▸ **TASK GOAL**: Please keep the pictures out and write out exactly the lines from the first in the data below through the one containing "Wheel Carriage parts", both included.

(Beginning of PROVIDED ENTRIES)

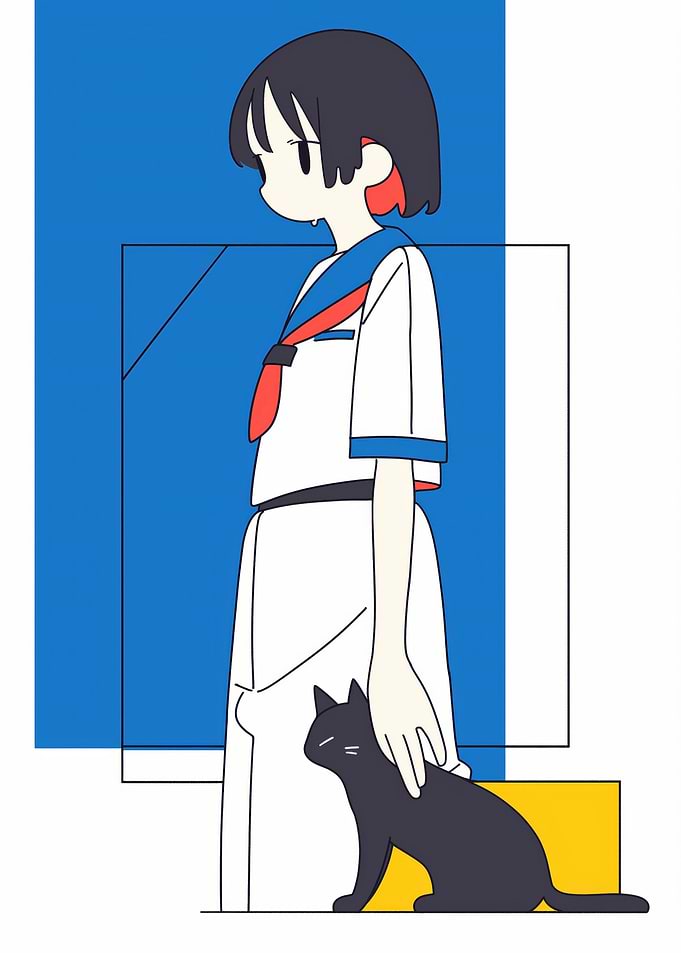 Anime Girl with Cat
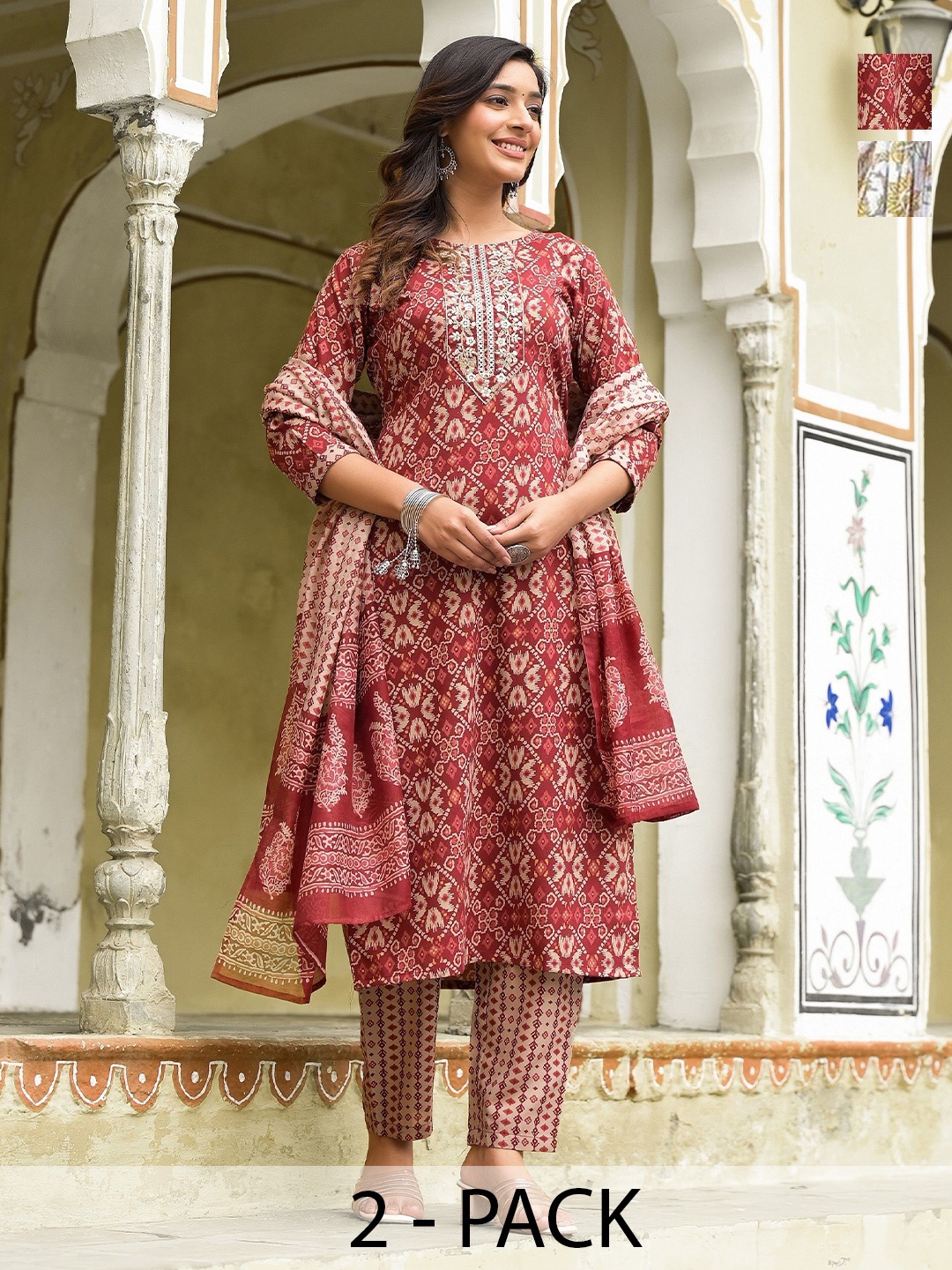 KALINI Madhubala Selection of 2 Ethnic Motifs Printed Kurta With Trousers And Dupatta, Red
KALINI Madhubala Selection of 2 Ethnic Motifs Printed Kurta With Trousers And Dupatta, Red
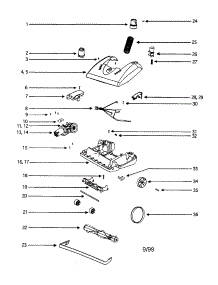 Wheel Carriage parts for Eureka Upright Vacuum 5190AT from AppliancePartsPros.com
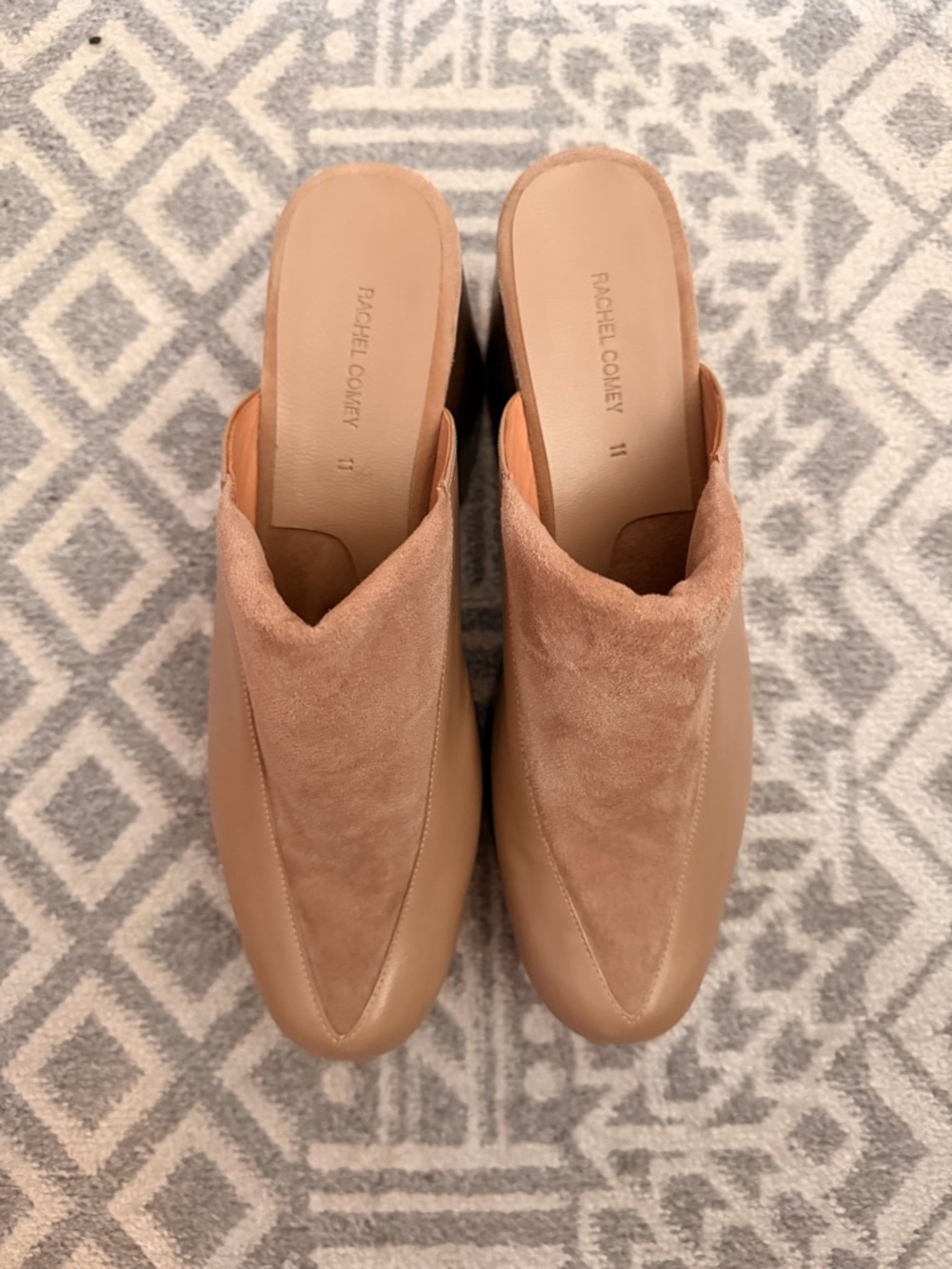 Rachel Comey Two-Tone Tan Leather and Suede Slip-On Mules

(End of PROVIDED ENTRIES)

▸ **EXERCISE RESPONSE**:
 Anime Girl with Cat
 KALINI Madhubala Selection of 2 Ethnic Motifs Printed Kurta With Trousers And Dupatta, Red
KALINI Madhubala Selection of 2 Ethnic Motifs Printed Kurta With Trousers And Dupatta, Red
 Wheel Carriage parts for Eureka Upright Vacuum 5190AT from AppliancePartsPros.com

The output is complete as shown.